A multiengine seaplane pilot has gone west. Let’s have a look at James William Buffett’s pilot certificate, from the FAA Airmen Registry:

Jimmy Buffett was a resident of Palm Beach County, as far as the FAA was concerned. He was typed in the Grumman Albatross (C/G-111), three Dassault Falcon bizjets, and the original Cessna Citation bizjet (bird strikes from the rear). The “date of issue” being in 2019 could have been due to a change of address, a change of gender ID, or an added rating.

Buffett wanted to see a Democrat-run Florida and Democrat-run United States. In “Jimmy Buffett takes musical shots at Trump during concert” (2018), for example, Buffett was supporting Andrew Gillum in the governor’s race against Ron DeSantis. He got his wish in 2020 for the country, at least.

Buffett became a billionaire via real estate development, mostly in Florida, and most recently with 55+ communities, e.g., in Daytona (see this New Yorker story). At the time of his death, he was working on a $400 million project just to our southeast in Riviera Beach. I hope that the project is completed. Even if I’m more of a classical and jazz listener, I’m sure that it will be an improvement over everything else that has been going on in Riviera Beach.

Maybe we need to honor Buffett’s memory by getting multiengine seaplane ratings in a Grumman Widgeon in Alabama. Who wants to go this fall, as soon as the weather cools off a little?

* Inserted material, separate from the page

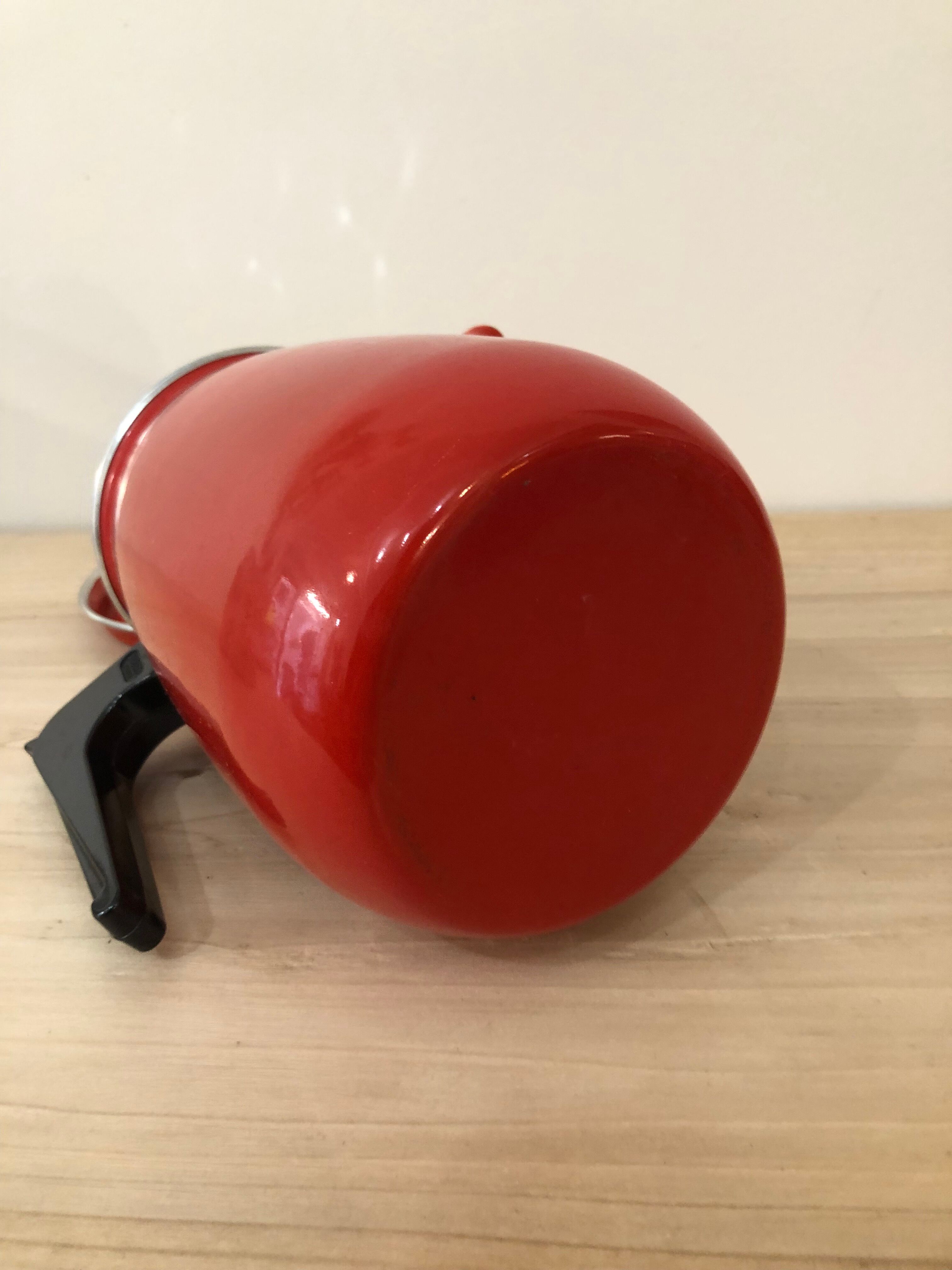 Red enamel coffee maker with filter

Or we could go to Key West, Florida. Although Buffett seems to have spent more time in Palm Beach, he is associated with Key West and built a hotel there. The good news is that is ready to help with the challenge of finding a gay-friendly place to stay in Key West. Note the “LGBTQ welcoming” checkbox at upper left in this listing of places available for Nov 3-5:

Very loosely related… the pilot who managed a successful off-airport landing in a Boeing 737 retired a few days ago.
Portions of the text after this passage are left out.